▸ **Given information**

┄┄┄┄┄┄

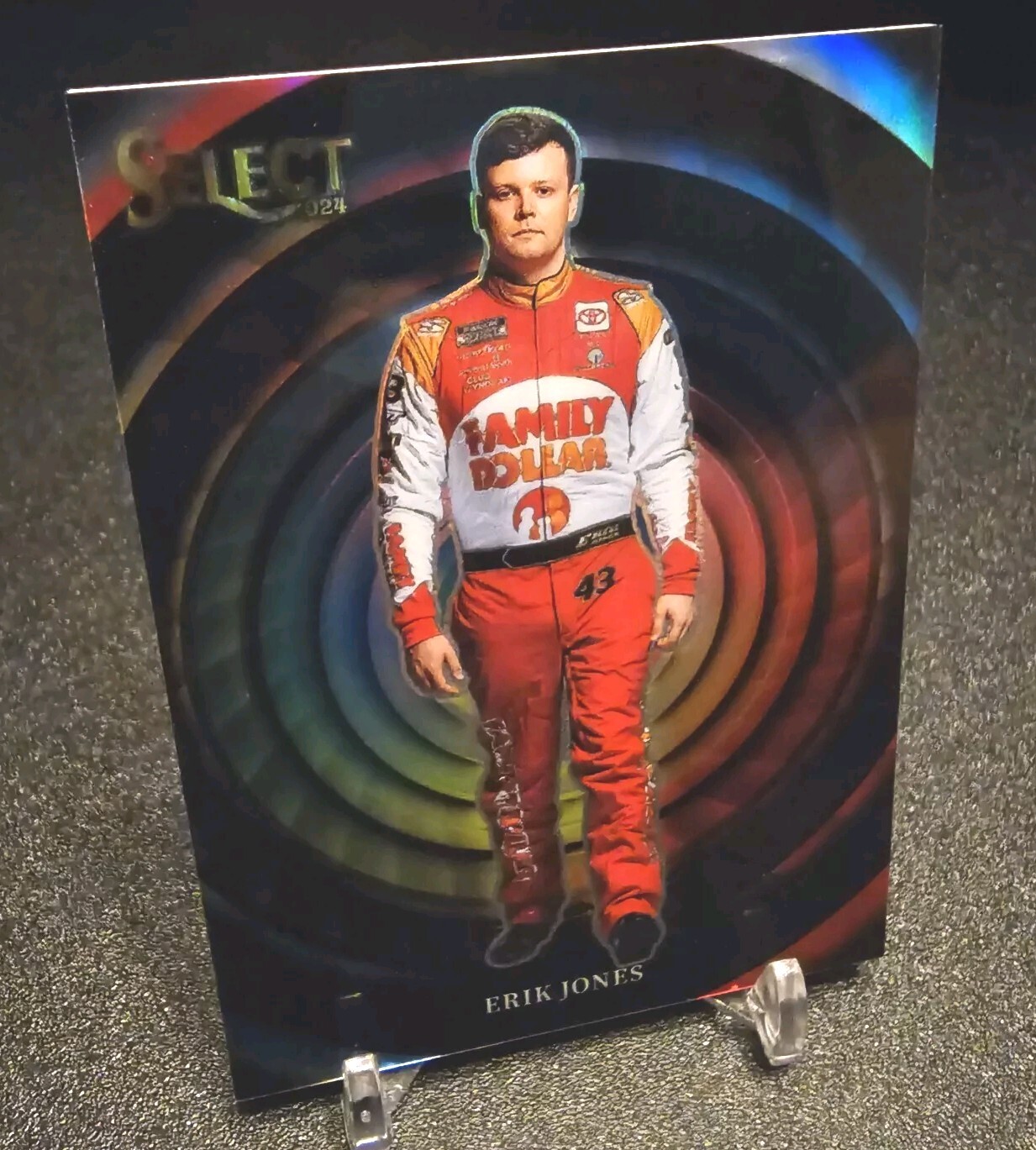 ERIK JONES - 2024 Panini Select Racing -  COLOR WHEEL - SSP - Case Hit
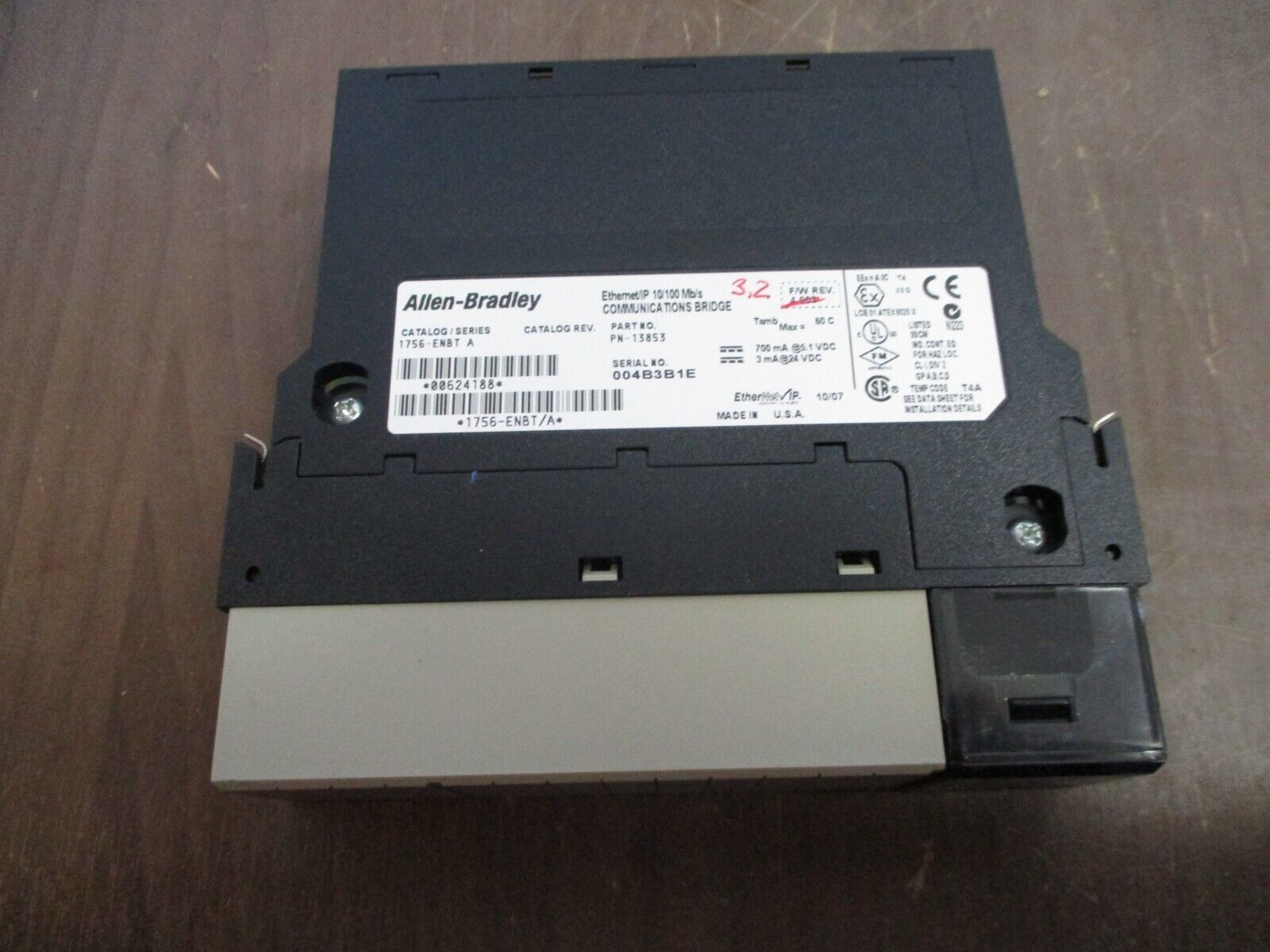 Allen-Bradley Ethernet/IP Comm. Bridge Module 1756-ENBT Ser. A Used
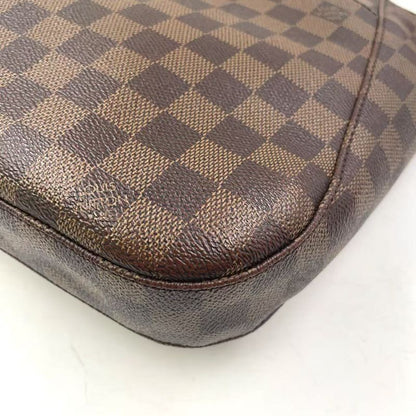 Louis Vuitton South Bank Damier Ebene Damier Ebene Leather ×pvc Brown Shoulder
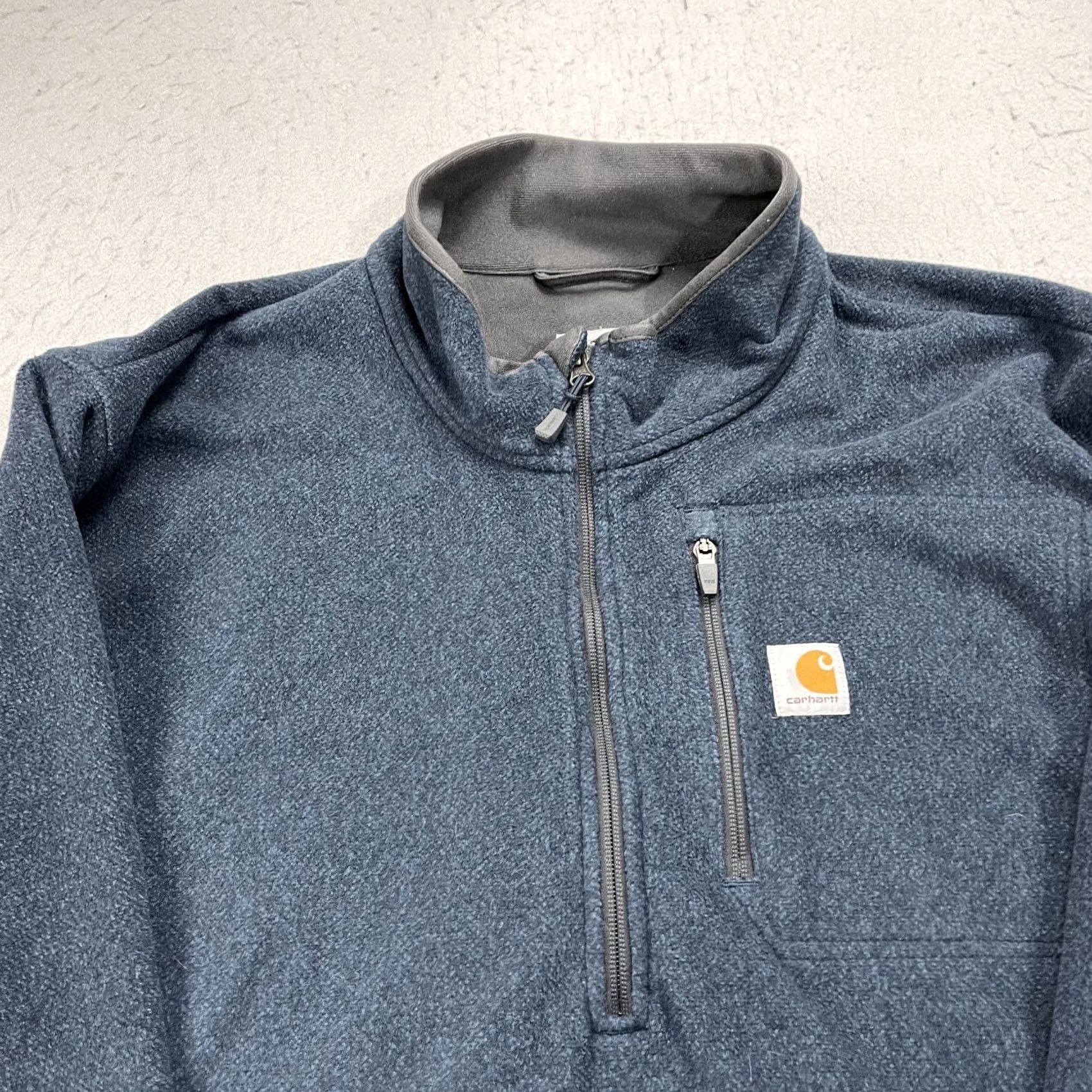 Carhartt Carhartt Jacket Mens 2XL Blue Gray Dalton Fleece Half Zip Pullover Workwear Jacket Mens 2XL Blue Size US XXL / EU 58 / 5 - 2 Thumbnail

┄┄┄┄┄┄

▸ **What the exercise asks**
The lines to be transcribed are those from the first line of the data above through the line holding "Louis Vuitton South", inclusive; copy them exactly and only, leaving out the pictures.

▸ **Solution for this problem**
 ERIK JONES - 2024 Panini Select Racing -  COLOR WHEEL - SSP - Case Hit
 Allen-Bradley Ethernet/IP Comm. Bridge Module 1756-ENBT Ser. A Used
 Louis Vuitton South Bank Damier Ebene Damier Ebene Leather ×pvc Brown Shoulder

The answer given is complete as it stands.